Kitten as a rule of thumb I think you need to make yourself available for dating otherwise you'll struggle to create any momentum or build a sustainable rapport with someone. I guess it depends on what you're looking for. If you want a relationship then you probably need to show willing in terms of availability. I was quite understanding about hectic diaries but a lot of people aren't plus I appreciated the slow pace that hectic diaries enforced as I got to know Mr TC and even then we were seeing each other roughly weekly.

I'd be understanding about a busy diary for so long then I'd expect them to start accommodating me in their planning and if they didn't I'd take the hint!

OP posts:
RunsforCake14 · 13/03/2018 09:07

I don't mind if someone sends a wink or adds you as a favourite. At least you know they're interested.
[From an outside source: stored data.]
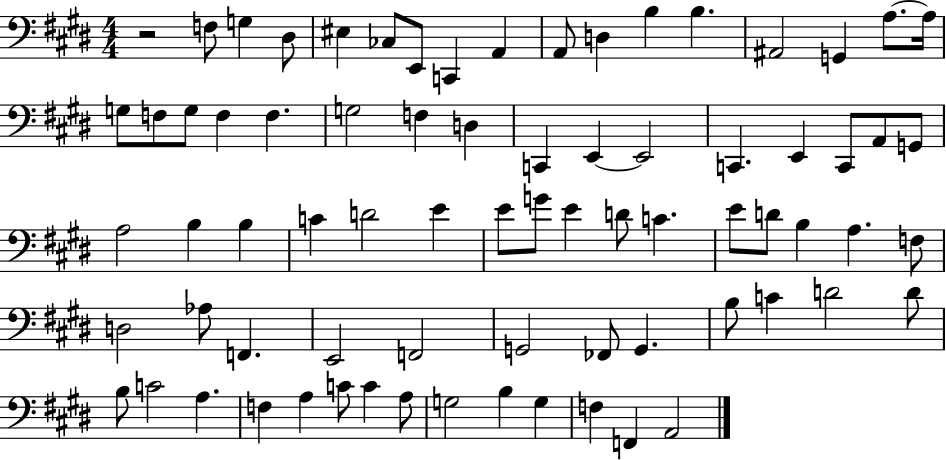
X:1
T:Untitled
M:4/4
L:1/4
K:E
z2 F,/2 G, ^D,/2 ^E, _C,/2 E,,/2 C,, A,, A,,/2 D, B, B, ^A,,2 G,, A,/2 A,/4 G,/2 F,/2 G,/2 F, F, G,2 F, D, C,, E,, E,,2 C,, E,, C,,/2 A,,/2 G,,/2 A,2 B, B, C D2 E E/2 G/2 E D/2 C E/2 D/2 B, A, F,/2 D,2 _A,/2 F,, E,,2 F,,2 G,,2 _F,,/2 G,, B,/2 C D2 D/2 B,/2 C2 A, F, A, C/2 C A,/2 G,2 B, G, F, F,, A,,2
But it gets annoying when you message them and they ignore you.

If someone cancels a date saying a family member is rushed into hospital would you believe them? Would you still believe them if you notice they're online most of the time over the following days?
This is what happened with my date from last Saturday. He had seemed very keen to meet me so I believed his story. But now I'm not so sure and if he lied then that was a horrible lie to tell.

Lovemusic33 · 13/03/2018 09:14

Runs I always give people a 2nd chance when it comes to cancelling a date, if it happens again then I ditch them. He maybe sat by someone’s hospital bed whilst being online (I have done this as there’s no much you can do when visiting someone in hospital, especially if they are too ill to talk to you).

I was chatting to Mr Camera again last night, he was sending me photos of his DIY projects which got a bit boring after the 10th photo of his conservatory, does look like he has a nice house though, In the end I told him I was going to bed.

I don’t have any other irons, everything seems to be dead, I’m not too bothered as I’m feeling a bit rubbish lately and have gained some wait so not in a rush to go on any dates. I might hide my POF profile for a couple weeks and see if I get more messages when I reappear (sometimes this works).